Question 1. Who did the penance to please Lord Brahma?
Every version story of the Tripura begins with a penance by three Asuras. But there is no unanimity upon who the penants were. One version tells that they were the sons of Tarak- Tarakaksh, Kamalaksh and Vidyunmali- after Tarak died in the battle from the hands of Kartikeya. The other version presents Tarak himself as the penant along with Maya (mentioned as Mayasura above) and Vidyunmali. Which of the trios pleased Brahma? This question is important to check whether the story we have known is a history or a myth. Had there been a single group of three penants, the story would be consistent. The two groups adds inconsistency and also loses the story's stance as a history.

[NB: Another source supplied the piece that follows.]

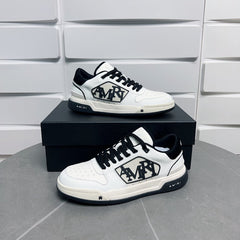 Classic Low Sneakers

It becomes more inclined towards myth. 
Question 2. Where were the cities made?
This is the most difficult question I have come through. There are three possibilities. Within each possibilities, there are also problems which seem to have been overlooked (or I may not have understood).

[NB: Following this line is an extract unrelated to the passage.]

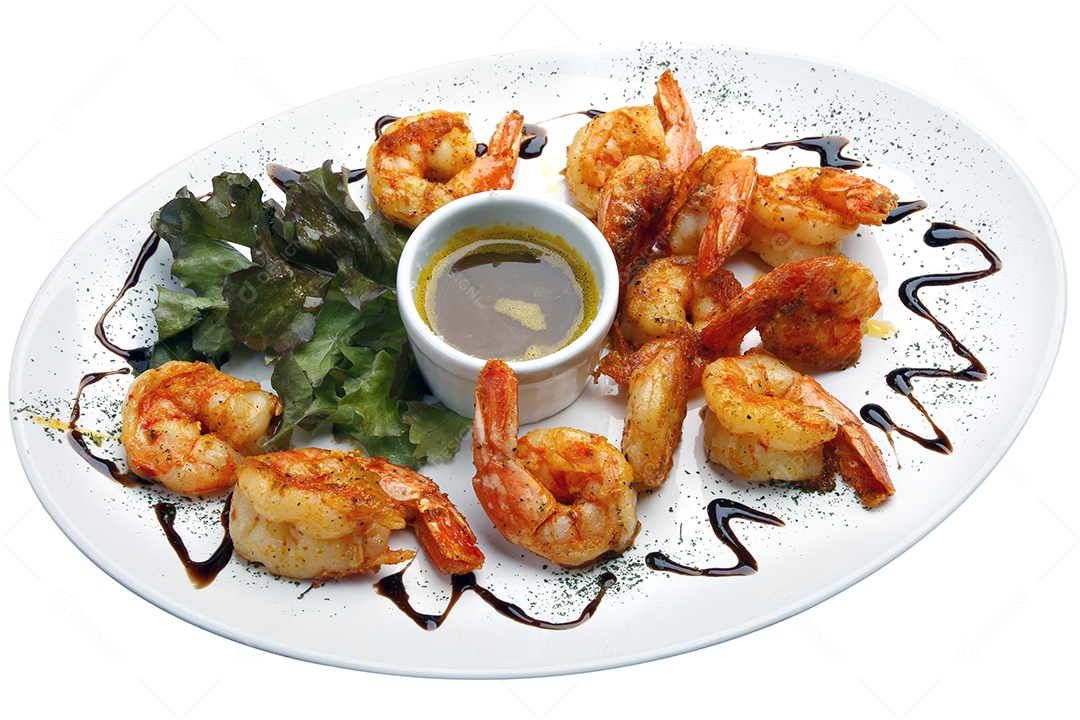 Moqueca de camarão e peixe em tijela sobre mesa de madeira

The first possibility is that the Tripura was made on land. But the Tripura was a floating city- almost like the modern-day International Space Station. (Even grander!) How were three cities established to orbit around the earth. Yeah, their timing must have been different because they were on three different levels. But to establish a city on space, the Asuras must have launched a rocket and with precise calculations set them. Because Maya, Brahma and Shukra were on their side during construction, we can assume that they achieved the feat, but the Earth had been scoured by the Deva-Asura war. There was no chance the Devas would let the Asuras make such huge structures with ease. With the Earth under their rule, Asuras have been said to have resorted to the Patal, the Underworld. Construction of three grand structures on land seems difficult.

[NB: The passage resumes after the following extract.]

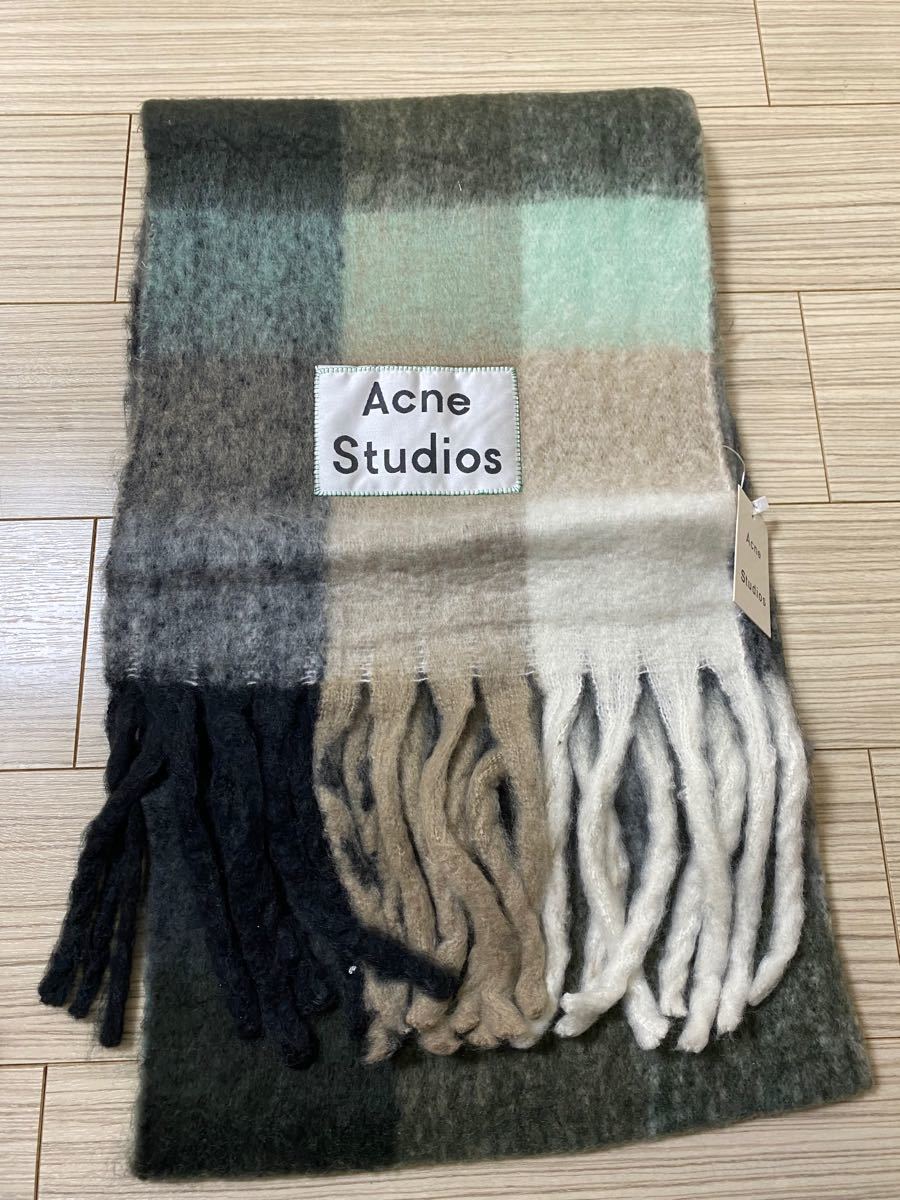 Acne Studios アクネ ストゥディオズ マフラー（¥17,300） dofeli.com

So, we move to the second possibility- the sky. If you are making something that floats on space, why not make it on space? But let's observe the modern trend. Do we make satellites on the space or on the land? Obviously, building satellites on sky would be difficult because of the huge number of materials needed to be transported up above the escape velocity. A huge consumption of fuel and time. Also, building anything on space would require huge amount of oxygen supply, and good insulation of workers against the solar flares. Could the A sure have obtained it? Building castle on space is even more difficult that building it on air. And they made three. The possibility of the Tripura being built on sky seems thinner than the atmosphere there.
The third possibility is that the cities were made in Patal. They were shot up in the sky and were fixed on their orbit.The problems mentioned on the first two possibilities are still prevalent.
To have built such grand structures without the intervention of the Devas would be an almost impossible feat. The Asuras did it brilliantly. And that is the biggest wonder ever.
Question 3. How did the residents of the Tripura reach there?
The Puranas not only describe the construction but also the settlement. A huge numbers of humans including Asuras, Manusyas, Apsaras, Gandharvas, Yakshas, Nagas are said to have lived there. How Maya and his contemporaries provided their need of oxygen and food is the question that actually troubled me. Without the mention of some device that helped them breathe and control gravity, the settlement would be too difficult. How did such a huge number of people migrate to the Tripura? Did they have spacecraft? Of what sizes? Also, the three penants ruled upon the cities. What did they use to travel between the cities? Transportation would be simpler with Vimanas (aircrafts/spacecrafts) but the number of people who lived there must have required a huge number of them. Who would have mass produced them? Maya and his team of scientists? That's a faint light of hope if I would be taken to the mythological Tripura. Everything else looks an almost impossible feat to me.
[N.B.: 1. The Asuras do not necessarily mean evil neither do Devas always mean good. In fact, Indra, Agni, Vayu (Devas) have been called Asuras in the Rig Veda.
2. I disagree with the popular belief that Vyas was the writer of all the Puranas. One person would not have made the mistake of writing different names of the Trios that pleased Brahma. Either the stories were modified with time or the Sage made a mistake unknowingly.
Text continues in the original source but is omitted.